Will you still love me tomorrow?

I am left off-balance by the contradictions.  Winds of change are blowing.  Creating a Facebook page for the Union of the Unemployed Thinktank was a wrenching experience.  It grew quickly to 183 members, and now it is pretty quiet.  Little leverage, and the main Union of the Unemployed acting director Rick Sloan can have a wonderful article in Huffington Post that mentions his position with the IAM but not a single peep about the Union of the Unemployed that he ostensibly heads.  I carry two things with me from the experience.  First, jobs CREATION, not jobs ENCOURAGEMENT, is what we have to be demanding at every point.  Second, I am a lot less patient with bullshit.  Perhaps that is a character flaw.  I am very far from being okay.

Oh yeah, I mention contradictions.  Winds of change.  Demonstrations for jobs are starting to pop up like springtime daisies.  New organizations are forming.  The Bull Moose Movement in New York.  An unemployed council in Oregon.  Bart Stupak and Blanche Lincoln are being challenged.  The emperor has no clothes, details at 11.  There is now a steady patter of “primary them all.”  Contradictions.  The Full Court Press is not benefiting from this.  That’s okay.  We are starting to see something like movement.

The most striking statement I’ve seen was by Jane Hamsher, who reports:

91.7% think it’s ‘important’ or ‘very important’ that a health care bill include a public option, and 76.3% think members of Congress who break their pledge to vote ‘no’ should face primary challenges. A full 79.7% think it’s ‘important’ or ‘very important’ that the health care bill contain no restrictions on abortion coverage, and 82.3% think that any member who casts a vote to restrict abortion coverage should face a primary.
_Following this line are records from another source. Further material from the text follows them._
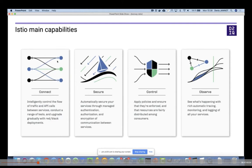Istio's capabilities are: being able to connect your microservices together, introducing new versions of your microservices, securing your communication, controlling which microservice can talk to which, and being able to collect all metrics to simplify monitoring of your application overall.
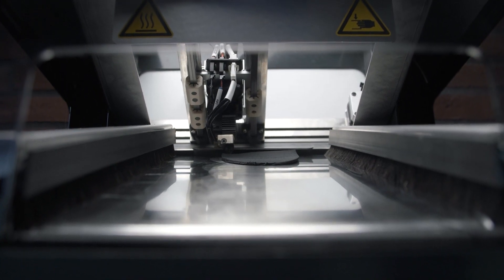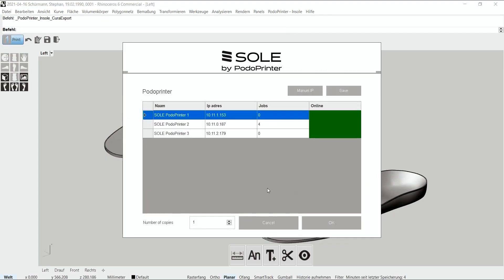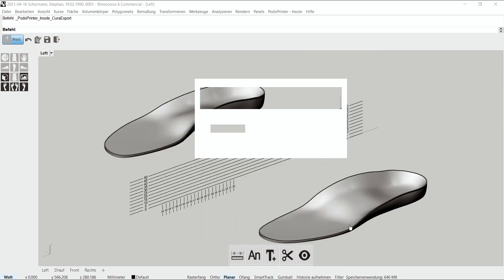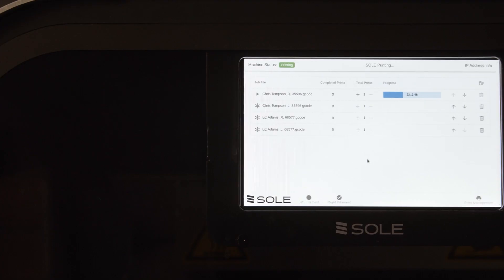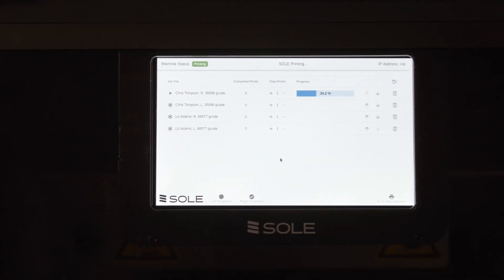PodoCAD connects automatically with the machines, where we assign one machine for production. With the push of a button, we send our designs to the printing queue.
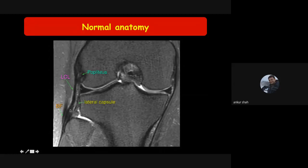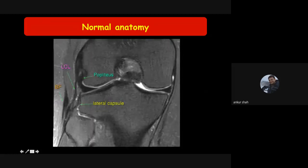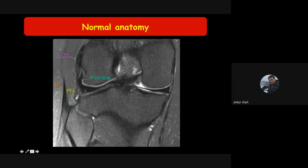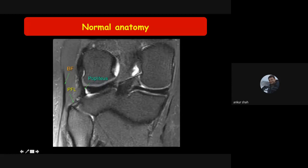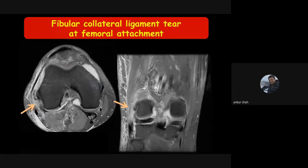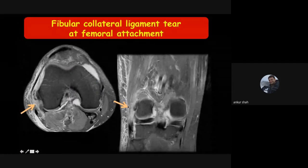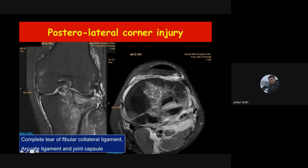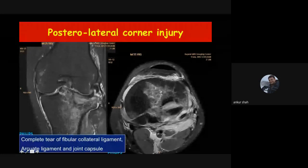On MRI, the lateral collateral ligament and the biceps femoris tendon merge together and attach at the lateral aspect of the fibula. The popliteus tendon and the popliteofibular ligament (connecting the tip of the fibula with the popliteus tendon) together form the posterolateral corner. Avulsion at the fibular collateral ligament femoral attachment indicates a PLC injury. In severe cases, there are multiple injuries including fibular collateral ligament tear, arcuate ligament and capsular injury, and extravasation of fluid outside the joint into the intermuscular region.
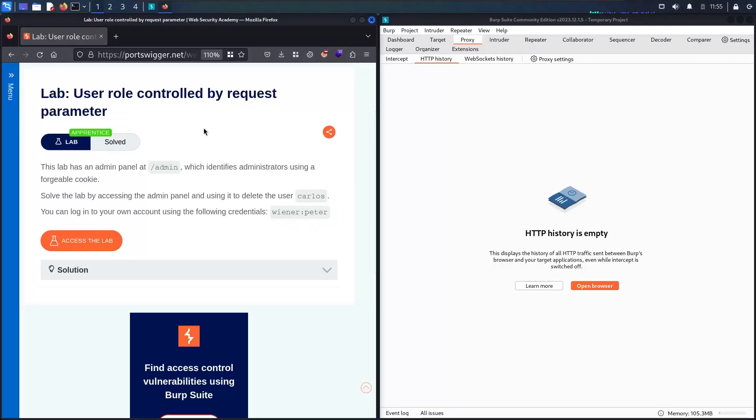Hello hackers! Welcome to the new video where we are going to hack the user role controlled by request parameter.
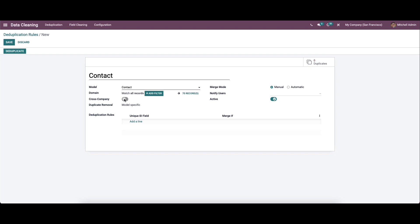Here we can enable the cross company for suggesting the duplicates across different companies. The duplicate removal can be set as model specific, so it is auto-allocated. Here we can set the merge mode as manual and automatic. This platform supports to merge the document both manually and automatically.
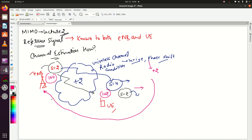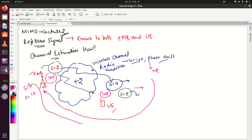Now eNodeB gets this feedback and will be careful. Suppose eNodeB wants to send S equal to 10. Instead of sending 10, eNodeB will send S equal to 8. The radio conditions will add 2 to it and the UE will receive S equal to 10. I hope you get the concept. Now let's consider the real scenario.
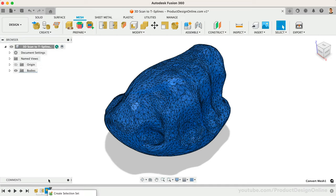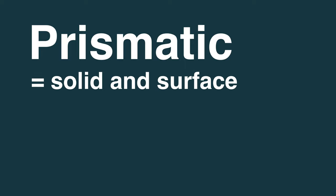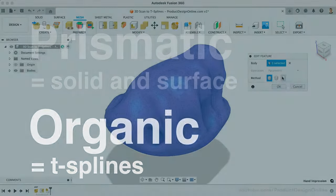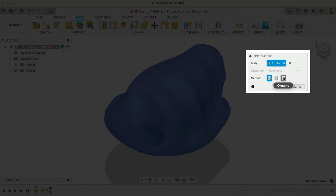When deciding which option is best, consider what modeling approach would be the easiest if you had to create the model from scratch. Prismatic is similar to Solid in Surface modeling, while Organic is closest to T-Spline modeling. In the case of our Organic-like model, we'll use the Organic option.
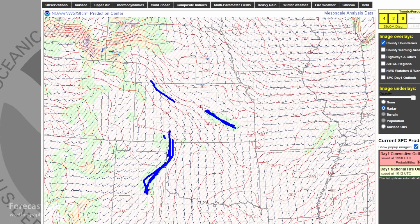Right in here, that's probably not a front — that's probably the dry line. But still, it is a boundary.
I questioned, and still question, how far she will take this when all the Kool Kidz start “targeting the worst” — again — in 2012.  But the statement is significant in any event, because it draws a clear line in the sand.  And it makes an implicit concrete threat.

So should I now drop the Full Court Press?  Yes, the Full Court Press has 5 points, Hamsher is only asserting 2, but given that most of the House and Senate Democrats would in fact be threatened, it would be a very good question.  If … if it were certain that Hamsher was going to continue to call for this, or better yet, use her prestige to actually organize for it. that would be worth at least consideration.  I am personally dubious.  Some of these target incumbents are, if not friends of hers, friends of friends, or friends of friends of friends.  It’s through these webs that the Democratic Party holds itself together.  On the other hand, she did co-sign that letter with Norquist, and that pissed off a lot of these same people (for which I defended her in The Jane Hamsher Front — Strike the Empire Back).  We’ll keep our powder dry.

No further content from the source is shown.